Short descriptive text snippets
★ ★ ★ ★ ★
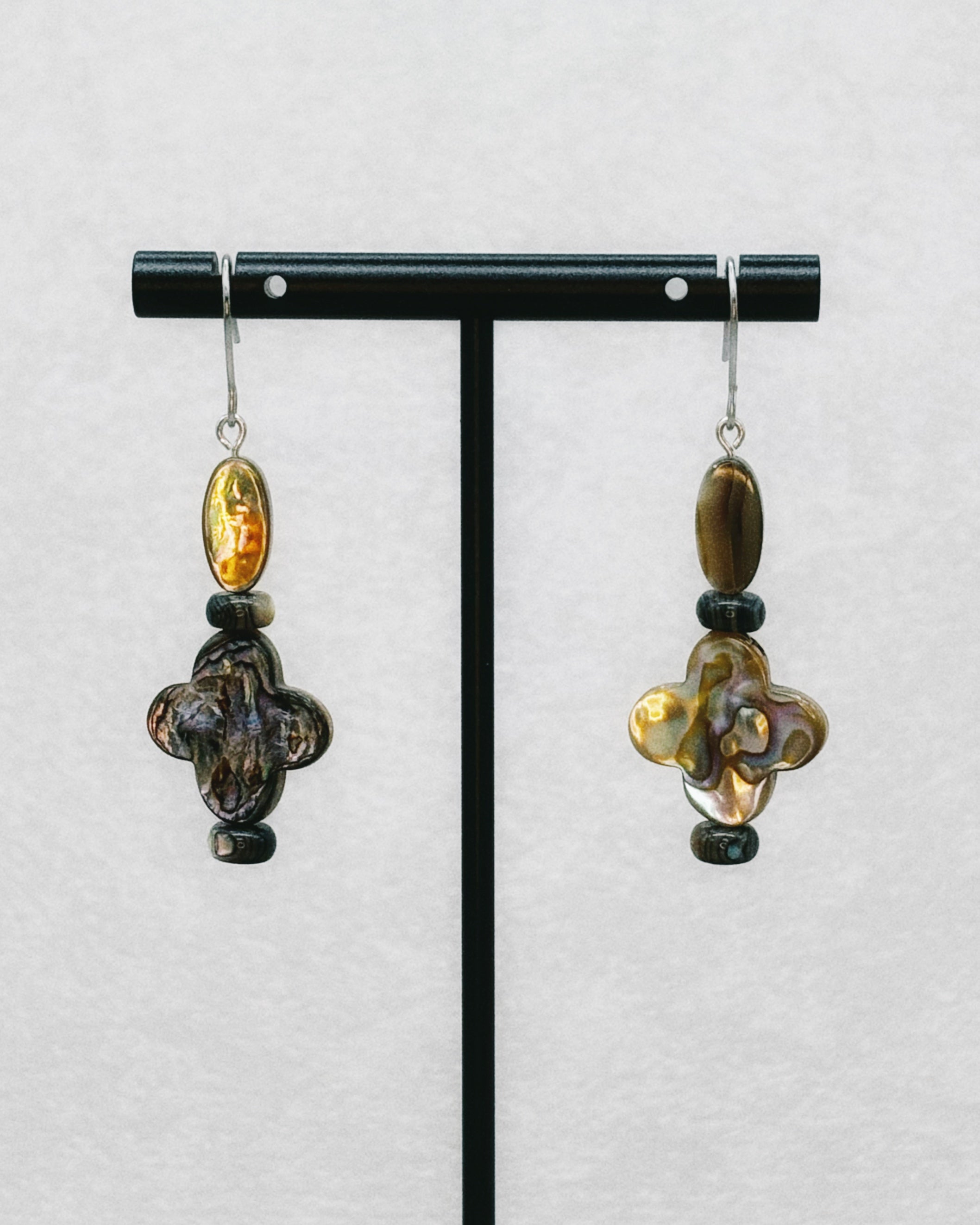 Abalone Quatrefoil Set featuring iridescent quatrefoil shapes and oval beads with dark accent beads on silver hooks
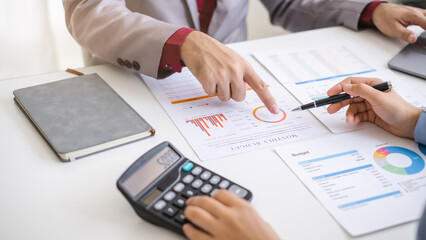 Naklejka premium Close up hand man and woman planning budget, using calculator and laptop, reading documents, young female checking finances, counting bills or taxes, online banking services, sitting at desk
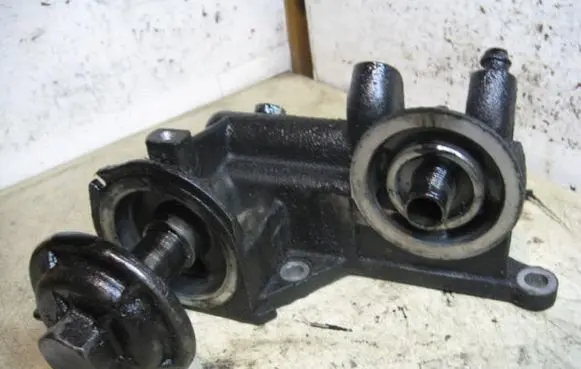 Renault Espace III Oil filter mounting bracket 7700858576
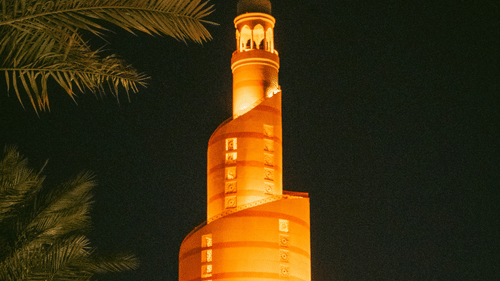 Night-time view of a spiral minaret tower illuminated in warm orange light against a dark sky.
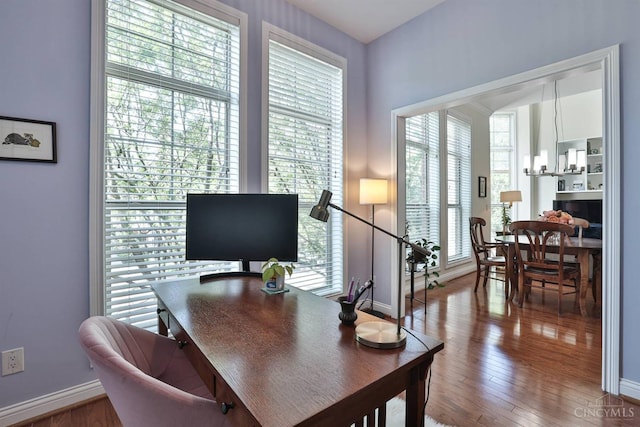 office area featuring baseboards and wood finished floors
★ ★ ★ ★ ★
▶ **TASK DETAILS**: Skip the pictures and print each record exactly as it stands.

▶ **OUTPUT**:
 Abalone Quatrefoil Set featuring iridescent quatrefoil shapes and oval beads with dark accent beads on silver hooks
 Naklejka premium Close up hand man and woman planning budget, using calculator and laptop, reading documents, young female checking finances, counting bills or taxes, online banking services, sitting at desk
 Renault Espace III Oil filter mounting bracket 7700858576
 Night-time view of a spiral minaret tower illuminated in warm orange light against a dark sky.
 office area featuring baseboards and wood finished floors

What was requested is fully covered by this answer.